I know I should just forget those words, but I can't. Not when they came from that person. I don't know... I mean, I supported her when she left on a jetplane, and it would be nice if I could get the same kind of support. She keeps treating me like I don't know a thing about what I'm doing, but I've done so well thus far. I've been having the time of my life in Melbourne, I'm getting help from my friends, and not once in the entire time down here have I felt scared, unloved or desperate. Nervous, yes. Worried, yes. But even if I don't know what I'm getting myself into, I have friends I love dearly and know I can rely on.

I guess the person who I thought would be so supportive has gone the other way. Not that it helps the situation that I just up and left her. I know it hurts having your best friend leave like that. But this is what I wanted to do, and I know that it was the right descision. If I wanted to be tied down in one place and not go travelling and living my life, I'd get married. (Eh, no offence to those of you who ARE married; that's just what I've been told ^^;)
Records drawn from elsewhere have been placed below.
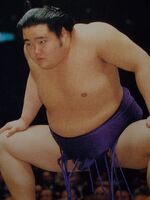 Tomoefuji (c. 1993)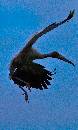 Woodstork Tango (716Wx1200H) - Woodstork Tango  - Amelia Island - 2010 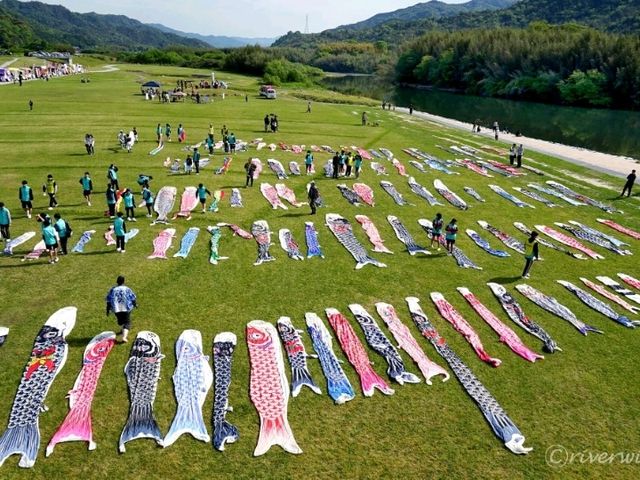 【山口県】山口のこいのぼりは川を泳ぐ！「佐波川のこいながし」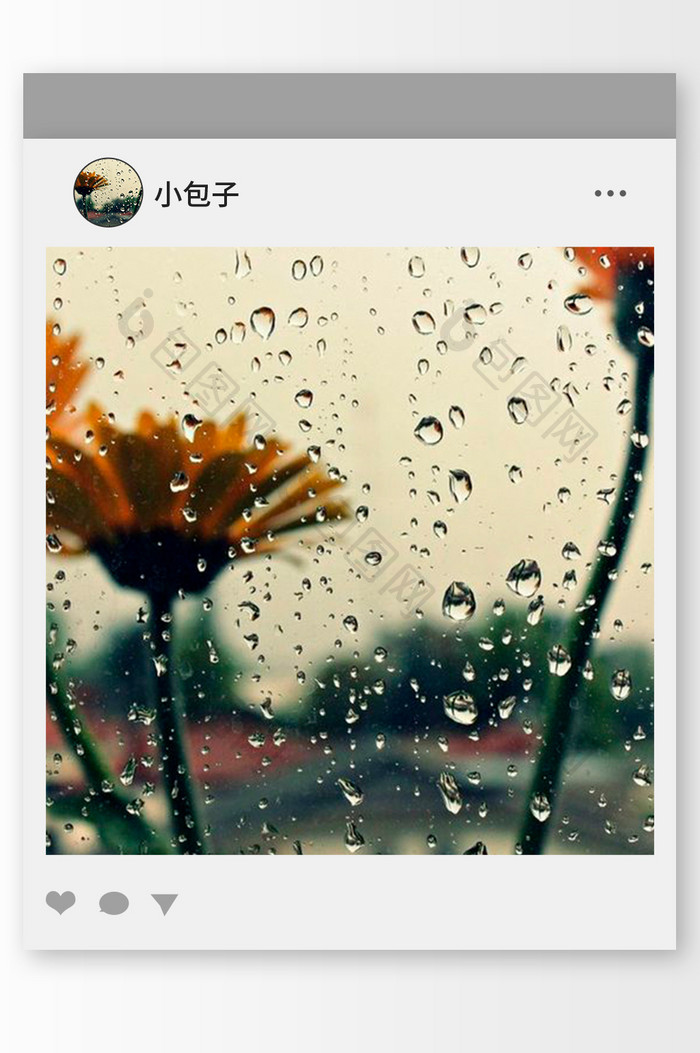 清新雨中的黄花头像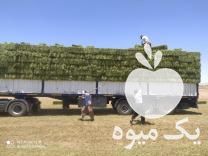 فروش یونجه کاه علوفه جو خوراک دام در تهران در گروه خوراک دام و طیور - پرواری شیری علوفه یونجه در یکمیوه -عکس1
I guess I should just forget that whole conversation. It won't do me any good to keep thinking about it. Had a bit of a bitch to Tom-kun which made me feel a little better. Again, I could have dealt with it from pretty much anyone else except her. I've got to put it out of my head. I'll hopefully be out with Jaq tomorrow and if I'm lucky I might get to catch up with Tom-kun. Heh. I still think it's utterly amusing that one of the people I miss most lives in the same city ^^;

...

Ugh. The feeling still isn't going away. I'm just going to try to get some sleep and pray that I wake up feeling a lot better than I am now.
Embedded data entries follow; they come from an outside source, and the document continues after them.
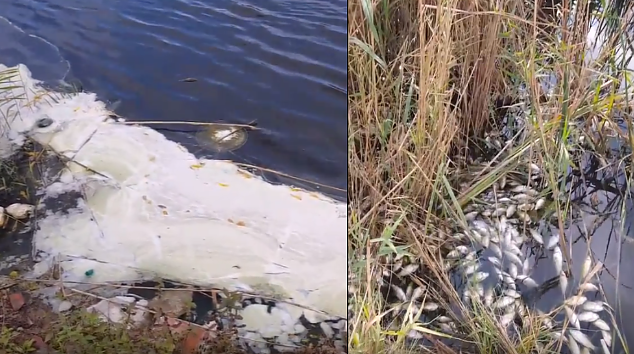 Отровиха ли водоема на Поморие? Пяна с неизвестен състав и огромен пасаж мъртва риба стресна рибарите, екоинспекцията направи проверка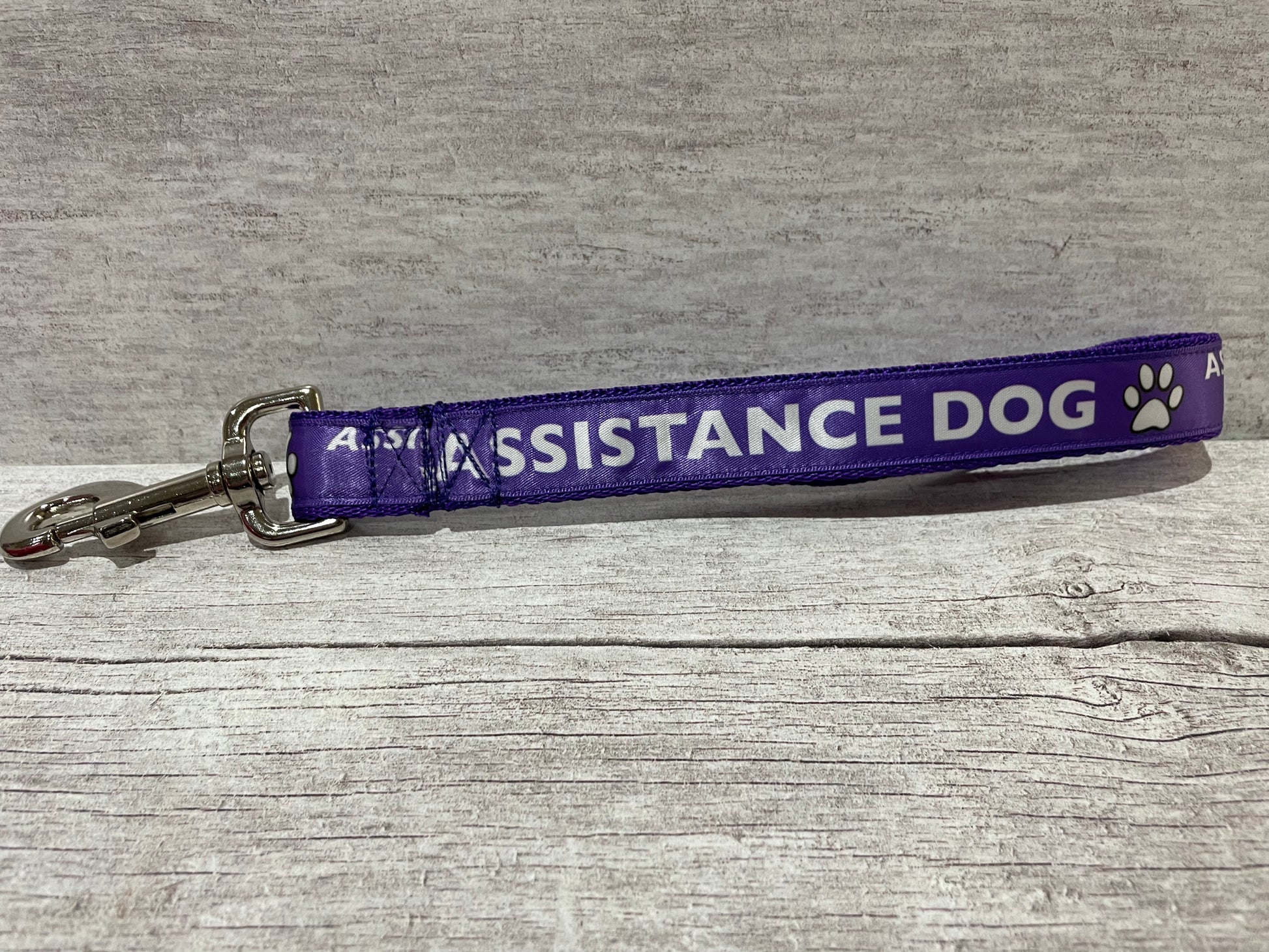 Assistance Dog Ribbon Dog Lead/Leash - View 6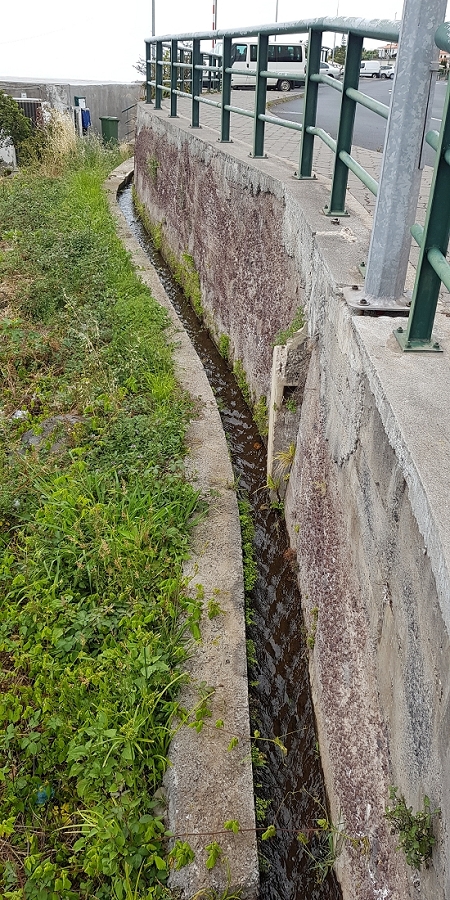 04.05.2019 Einlaufrunde auf dem Caniço-Trail um Garajau — Geodesico, Endäste der Levada do Blandy und derr Levada dos Tornos, Livramento — Foto 8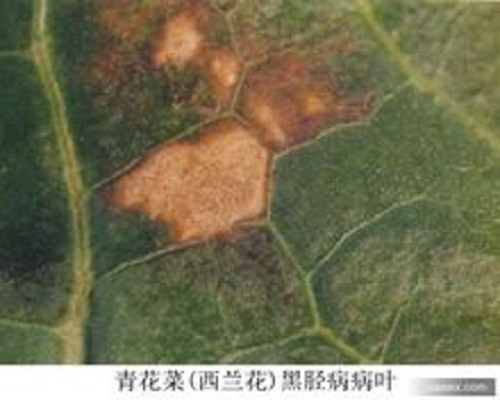 白菜黑脛病,沖施肥價(jià)格 白菜黑脛病,沖施肥價(jià)格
Date: 2005-02-27 11:08 pm (UTC)
From: [identity profile] eviltom.livejournal.com
Baby, don't depress yourself, it's not worth it. She's not thinking of you, only herself.. which is sad because you supported her. That's not fair. She's only being self centred, so you should think of youself too. You've made your own informed decisions and you're doing so well, don't let a thing like this pull you down.
Cheer up, for me ne? *hugs*

Date: 2005-02-28 12:12 pm (UTC)
From: [identity profile] sora-ishida.livejournal.com
It really hurts when a best friend does things like that to you (I know, I've experienced it too)...I hope it doesn't get you down too much. We all support ya!
*waves around bishie plushies*

-.-; It wouldn't matter what I said anyway.

Date: 2005-02-28 03:17 pm (UTC)
From: (Anonymous)
Firstly, back off eviltom because you don't know diddly squat about me. Secondly, and with a shrug, what'd I say? You implied there was one thing in particular.

Also, as your best friend and as you already know me, I'm bloody protective of you. So how am I supposed to react when the one person I want to protect and care for runs so far out of my reach so that it's physically impossible to protect or care for her anymore?

Don't be depressed over stupid things I say - I'm not human, I don't feel. Remember?

Thirdly, I'm kinda ticked because everyone (no, not just you) has up and left me to bid hello to the arrival of uni days and now so must I.